Başûrê Kürdistan Bölgesel Yönetiminin, TC devleti ile içerisine girdiği kirli ilişkilerin sınırları bunun da ötesine geçmiştir. Açık askeri anlamda ortak hareket eder bir konuma gelinmiştir. Bu çerçevede; istihbarat vermektedirler. Birlikte keşif ve istihbarat çalışmaları yapmaktadırlar. Öyle ki, bazı yerlerde askeri olmayan alanlarda KDP istihbaratına mensup olan kişilerle TC devletinin istihbarat elemanları birlikte dronlar kaldırarak, gerilla bölgelerine yönelik havadan keşif çalışmaların da bulunmaktadırlar.
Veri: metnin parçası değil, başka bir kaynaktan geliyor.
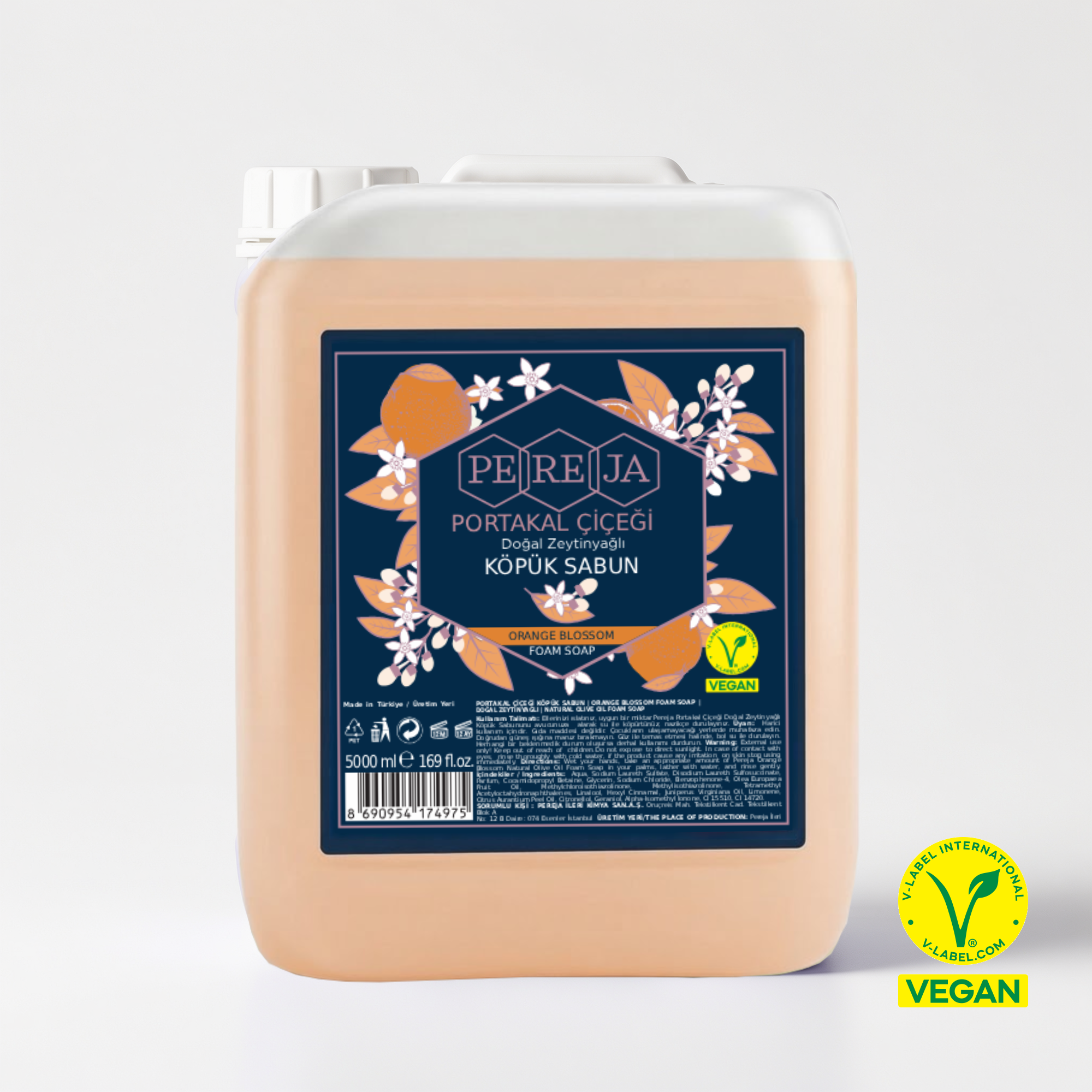 Pereja Portakal Çiçeği Doğal Zeytinyağlı Köpük Sabun 5000 ml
KDP kontrolünde olan basın-yayın organları da, TC devletine ait olan ırkçı-faşist çevrelerininkini aratmayacak bir şekilde psikolojik savaş yürütmektedirler. Hatta kara propagandaya dayalı yürüttükleri psikolojik savaşta, Kandil-Kortek’te gerçekleştirilen katliama dair yaptıkları haberlerde de görüldüğü gibi; TC’nin yaptıklarını geride bıraktılar. O haberde, TC devletinin hava bombardımanını inkar ettiler. Sanki Kandil’e TC’ye ait işgal güçleri varmış gibi yaşanan çatışmada arada kalan sivillerin öldüğü yalanı haberini verdiler. Böylesine bir yalan haber verirken, PKK’yi de bundan sorumlu tutmaktan, suçlu göstermekten geri kalmadılar.
Bunlarla da sınırlı kalmadılar. Utanç verici ama; kendi askeri güçlerine TC ordusunun üniformalarını giydirdiler. Birçok yerde de kendi üniformalarını TC askerlerine, istihbarat elemanlarına giydirerek ortak hareket ettiler. Böylece TC işgal güçleri ile iç içe geçmiş olduklarını herkese göstermiş oldular.
Sömürgeci TC devletinin Başûrê Kürdistan’da işgal ve soykırım saldırıları devam ederken Hewler’de, Başûrê Kürdistan Bölgesel Yönetimi yetkililerinin yine kendi açıklamalarına göre; tescilli MİT ajanı olan Bölgesel Yönetim Hükümeti bakanlarından; Sefir Dizaynin ev sahipliğinde, TC devlet görevlileri ile zirve adını verdikleri bir toplantı gerçekleştirdiler. Toplantının konusunu ise, aralarındaki gerçekleştirdikleri ticaret hacmi oluşturmuş.
Başûrê Kürdistan halkının tepki gösterdiği TC ve KDP arasında yaşanan bu kirli ilişkiye karşı, farklı siyasal görüşlere sahip olan siyasi grup, çevre ve kişilerde tutum belirlediler. Fakat YNK böyle bir yaklaşım içerisine girmedi. Aksine içerisine girdiği bu tutumla, TC’nin gerçekleştirdiği işgal saldırısı ve katliamlara onay verdiğini göstermiş oldu. Irak’taki Sadır hareketi kadar bile olamadılar.
Tüm bunlar başta Başûrê Kürdistan halkının gözleri önünde yaşandı. O nedenledir ki, Başûrê Kürdistan halkı, KDP Yönetimi ve Bölgesel Yönetim Başkanlığıyla işbirliği temelinde, sömürgeci- Kürt düşmanı TC devletinin gerçekleştirdiği soykırımcı saldırılarının da tanığıdır. Kürdistan’ın diğer parçalarında ve dünyanın farklı coğrafyalarında yaşayan Kürtler de bu gerçeği görmektedirler. Fakat bu gerçeği de görmek kendi başına yetmemektedir. Sessizlik; TC ile onunla kirli ilişkiler içerisinde olan KDP ve Bölgesel Yönetim Başkanlığına daha fazla güç vermekte ve cesaretlendirici bir rol oynamaktadır. Bu da çok hızlı bir şekilde, Kürdistan tarihine; yeni kara sayfaların eklenmesinin neden olacak sonuçların önünü açmaktadır.
Bunu engellemenin koşulları vardır. O da; Kürtlerin en kısa zamanda kendi ortak iradelerini açığa çıkarmalarıdır. Bu gerçekleşmediği sürece Kürtlerin tarihine kara sayfaların tekrar, tekrar eklenme olasılığı her zaman varlığını korumaya devam edecektir. Kürt birliğinin sağlanması ve bunun içinde Ulusal Kongrenin toplanması en doğru yol olarak, tüm Kürdistani güçlerinin önünde; tarihi bir görev ve sorumluluk olarak durmaktadır.